Short text fragments from websites

•••••

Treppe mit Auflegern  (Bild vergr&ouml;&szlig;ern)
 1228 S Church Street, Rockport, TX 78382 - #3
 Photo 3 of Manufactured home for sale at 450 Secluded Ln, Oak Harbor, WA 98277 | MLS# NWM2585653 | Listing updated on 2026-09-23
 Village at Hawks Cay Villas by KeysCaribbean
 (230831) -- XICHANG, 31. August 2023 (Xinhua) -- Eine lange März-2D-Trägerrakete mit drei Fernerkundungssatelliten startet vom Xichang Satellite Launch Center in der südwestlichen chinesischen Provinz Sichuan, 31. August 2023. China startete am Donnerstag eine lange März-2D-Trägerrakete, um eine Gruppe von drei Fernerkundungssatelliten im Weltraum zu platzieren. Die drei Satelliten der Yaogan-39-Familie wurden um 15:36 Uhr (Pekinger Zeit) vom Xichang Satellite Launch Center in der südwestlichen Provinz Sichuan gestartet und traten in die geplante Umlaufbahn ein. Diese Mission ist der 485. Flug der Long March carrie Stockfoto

•••••

Your task is to copy every entry above, exactly as written.

Exercise response:
Treppe mit Auflegern  (Bild vergr&ouml;&szlig;ern)
 1228 S Church Street, Rockport, TX 78382 - #3
 Photo 3 of Manufactured home for sale at 450 Secluded Ln, Oak Harbor, WA 98277 | MLS# NWM2585653 | Listing updated on 2026-09-23
 Village at Hawks Cay Villas by KeysCaribbean
 (230831) -- XICHANG, 31. August 2023 (Xinhua) -- Eine lange März-2D-Trägerrakete mit drei Fernerkundungssatelliten startet vom Xichang Satellite Launch Center in der südwestlichen chinesischen Provinz Sichuan, 31. August 2023. China startete am Donnerstag eine lange März-2D-Trägerrakete, um eine Gruppe von drei Fernerkundungssatelliten im Weltraum zu platzieren. Die drei Satelliten der Yaogan-39-Familie wurden um 15:36 Uhr (Pekinger Zeit) vom Xichang Satellite Launch Center in der südwestlichen Provinz Sichuan gestartet und traten in die geplante Umlaufbahn ein. Diese Mission ist der 485. Flug der Long March carrie Stockfoto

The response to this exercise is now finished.